Upon my arrival in the area, many of the folks around the county spent the first several weeks telling me about all the neat things going on in the area.
While I’ve seen many of the items they mentioned done in other areas, at the first mention of Pilot Mountain Pride, my interest was piqued.
You see, I became a HUGE fan of the local food movement several years ago after watching a documentary that illustrated the benefits of eating locally.
So I’ve spent the past several months bugging the people involved with the center about doing a story. Which is completely selfish, if you must know, since other scribes here at the paragraph factory have well documented Pilot Mountain Pride.

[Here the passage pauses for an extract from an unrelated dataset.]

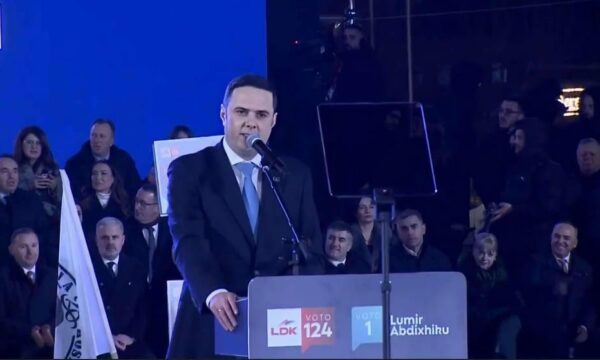 Abdixhiku: Jemi një ditë dhe votë larg pagave më të larta në gjithë historinë e Kosovës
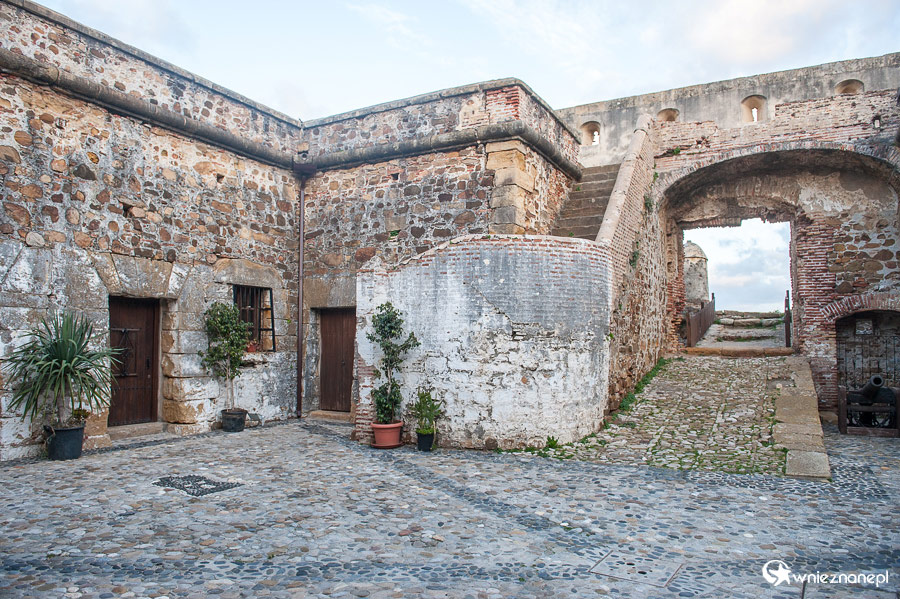 Andaluzja. Forteca w Puerto de la Duquesa. - foto: wnieznane.pl Andaluzja. Forteca w Puerto de la Duquesa. - foto: wnieznane.pl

But I was insistent, so the powers-that-be here at the paper let me do the story with the stipulation that I find a new angle.
No problem. Don’t know what it will be, but I’ll find something.
The new angle?
Folks over at the center are trying to make it even easier for individuals to purchase from them and are working on putting into place a system where individuals can sign up for an email list and order online. Which seems to have some support in the community, judging from the number of phone messages I had this morning.
So I called Lewis Draughn over at Pilot Mountain Pride this morning and told him that people seemed to be interested.
“That’s just great,” he said. “We’d love to be able to sell more to individuals. That’s what it’s all about, making sales for these farmers!”
What impressed me and had me worrying people to death about doing the story is the fact that the idea for Pilot Mountain Pride, while deceptively simple, is pure genius!
Since most farmers are too small to sell their products to grocery stores, and would have to jump through a lot of hoops in order to do so, why not build an aggregation center where farmers can become certified in Good Agricultural Practices and bring their produce to be marketed with that of other small farmers?
The result? Small farmers now have a way to market their products, allowing their farms to remain viable.
Another result? Local residents can go to the grocery store or contact the center and purchase fresh, locally-grown food. And anyone who’s ever eaten a leaf of lettuce or a tomato picked from a garden knows that fresh food tastes better. And it’s more nutritious, to boot.
Genius, I tell you. Genius!
But it’s not just the fact that a brilliant idea got off the ground that impressed me. It’s the fact that everyone involved had the same goal in mind, and worked cooperatively to make it a reality.
You don’t know how rare that is, in my experience.
So when you pick up your first purchase from the center, give the credit to a lot of hard work by a lot of individuals.